Behind The Scenes at Brimfield, The Largest Outdoor Antiques and Collectibles Market in the United States
Melissa Milgrom
From the Print Edition:
Claudia Schiffer, Jul/Aug 97

(continued from page 1)

"Anything military?"

"Any Japanese swords?" a woman begs, sounding like a 33-rpm record played on 78. She evaporates in a flash, but her echo, "Any Japanese swords? Any Japanese swords?" can be heard above the clatter, as she darts down the road.

"Fireman items?"

Nothing.

"Any Bliss dolls? Bliz dolls? Bliz dolls?" a woman with a German accent asks.

Nein.

"Lunch boxes? Lunch boxes? Anybody have lunch boxes?"

"Sorry, not here."

Finally, a man sights a late-Victorian cast-iron buffalo head, quite possibly cast by Alexander Calder's father, Alexander Calder. "This is totally out of my area," he says with a sigh, "but it is lovely."

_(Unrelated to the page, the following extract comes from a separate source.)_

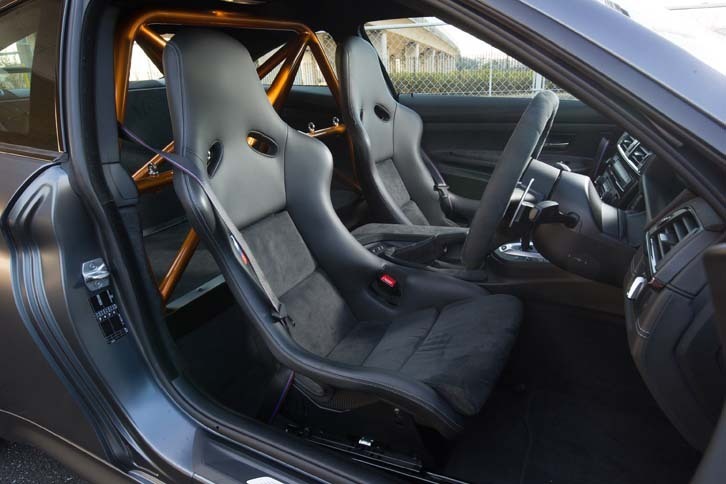 カーボン製のフルバケットシートは、通常の「M4クーペ」のシートに比べて、50％以上の軽量化がなされている。公道では使用できないが、6点式シートベルトも付属する。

Three times each year, tens of thousands of people from all over the world cram onto a one-mile strip of highway in the farmlands of central Mas-sachusetts. This highway pilgrimage is not based on spirituality; it is based on pure, unadulterated materialism. A quest for stuff, objects, things. Most antiques collectors know that Brimfield, Massachusetts, is home to the largest collection of outdoor antiques and collectibles shows in the United States. The elaborate recycling of wares that takes place at Brimfield is intense, especially among the dealers.